A plausible implication is that these benchmarks do not exploit the unique computational properties of SNNs, such as spike timing-dependent plasticity.

6. Dataset Design Considerations and Limitations

Key challenges in neuromorphic dataset construction include the inability of event-based sensors to respond to static scenes and the introduction of timing artifacts via simulated monitor motion. Moving the sensor itself ensures continuous motion and biological realism, eliminating spurious frequency peaks inherent in monitor-driven datasets (e.g., MNIST-DVS).
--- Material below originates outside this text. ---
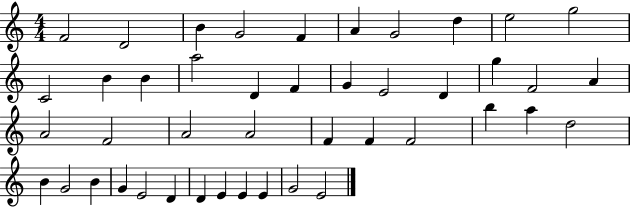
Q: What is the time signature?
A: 4/4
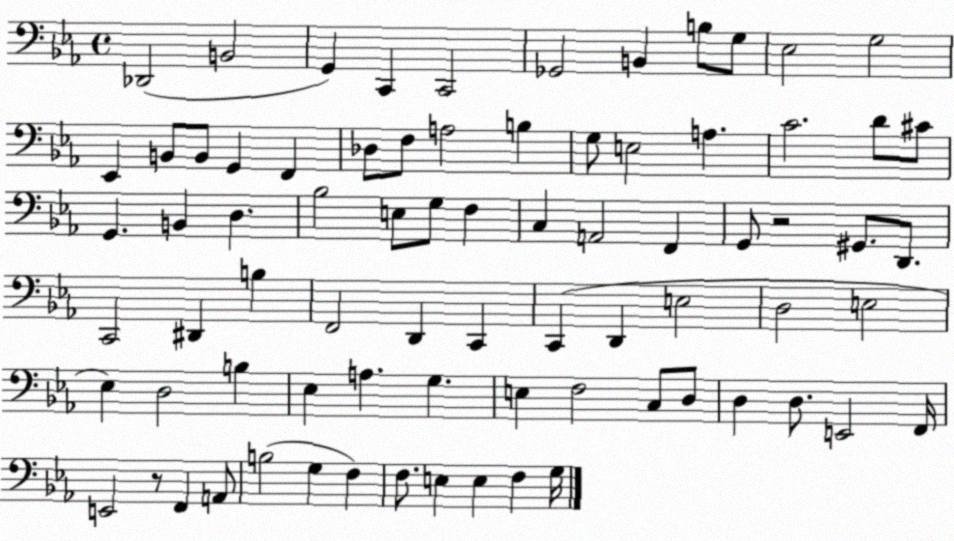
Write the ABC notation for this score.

However, critical analysis suggests that N-Caltech101 and N-CARS, generated from static images using fixed sensor trajectories, do not contain features truly encoded in the temporal domain. Their discriminative power derives largely from spatial, rate-coded information that is recoverable by conventional methods. This limits the ability of SNNs to demonstrate algorithmic superiority exploiting spike timing. The conclusion drawn is that inherently dynamic environments—with temporal features not reducible to static representations—are necessary for benchmarks that showcase spiking neural networks’ full capabilities.
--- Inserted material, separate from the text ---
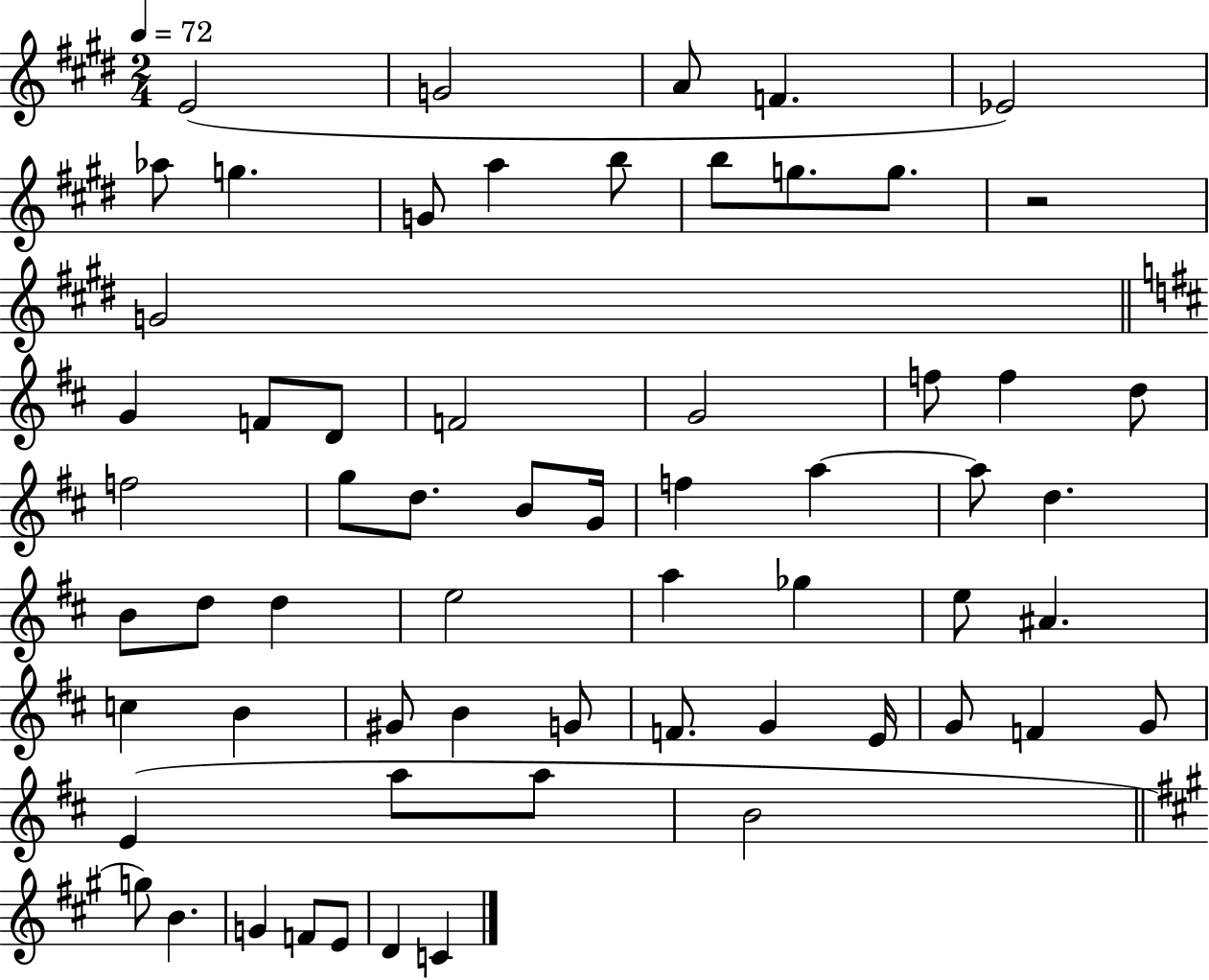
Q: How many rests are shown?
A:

7. Implications for Neuromorphic Vision Research

The creation of N-Caltech101 and N-CARS established event-based benchmarks enabling direct comparison with conventional computer vision algorithms and highlighted the technical requirements for dataset construction: precise actuation, avoidance of timing artifacts, and biological plausibility. Nonetheless, research emphasizes that future benchmarks should ensure that discriminative features are inherently temporal, not artifacts of static image conversion (Orchard et al., 2015, Iyer et al., 2018). The datasets serve as baselines for algorithmic development, but their use should be contextualized within the broader quest for time-encoded neuromorphic benchmarks.